氷だったら、解けて消えてしまうことも可能なのに、それも出来ないのです。
この明るさは、残酷です。
全てが、見えてしまうのです。
惨めな私の姿を、正当化など出来ません。
 
全てを忘れてしまいたい。
湯船に沈み、このまま全てを忘れてしまおうと思いました。
しかし、水に流すことなどできません。
息が苦しくなり、顔を出してしまいました。
そう簡単に、忘れることも、死ぬ事も出来ないのです。
死んで全てを消したいと思ったとしても、私の肉体は、生きたいといっているのです。
きっと、死ぬ時は、炎が消えていくように消えていくのだと思っているから
今は、死ぬ時じゃない。
現実に立ち向かわなければいけないのに、私の心には、その勇気が沸いて来ないのです。

「また、男のおもちゃになるの?」

「私がいけないの?」

「好きって、悲しいことなの?」

「男って身勝手だよ」

「何が欲しかったの?はっきり言って欲しい。
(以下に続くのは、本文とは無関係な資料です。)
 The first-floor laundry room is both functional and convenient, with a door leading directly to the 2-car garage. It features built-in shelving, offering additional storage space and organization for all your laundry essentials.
」

いつもの私の再生法。自分に問いかけ、答えを出す。
自分に問いかけて、どんどん深みにはまってゆく、そして今度は、逆に問いかける。

「じゃぁ、どうしたいの?」

「受け入れたんでしょ?」

「分かってた事じゃない、何言ってるのよ。」

反発する心が、前向きな質問と答えに変わるまで、自分に問いかける。
悲しかった涙が次第に消え、力がわいてくる。
次第に、悔しくなり、怒りに変わるのです。
 惨めで消えてしまいたいと思うほど悲しかった涙が、悔しさの涙に代わる。

「良い事見つけなきゃ!」

涙を流すためにも、シャワーを浴びようと思いました。
シャワーを頭から浴びると、傷に水が沁みるのです。
小さな傷が全身にあるのだと言う事が分かります。
全身のいたるところで傷に沁みてしまうのです。
石鹸が沁みる痛さで、思わず声が出てしまいました。
私はシャワーの中で声をあげて泣いてしまいました。
元気になったと思う心は、張りぼて!
そう簡単には、元気になんかなれない。
弱い心は、少しのことでまた悲鳴を上げていました。
 
「元気になんかなれない、
 忘れることなんて出来ない。
 私を責めるのはなぜ?
 わかんないよぉ。」

心の中で、必死に叫んでも、声に出すことは出来なかった。
声に出す事で、もっと惨めになってしまうような気がしたのです。
ベットに潜り込み、泣きながら眠ってしまいました。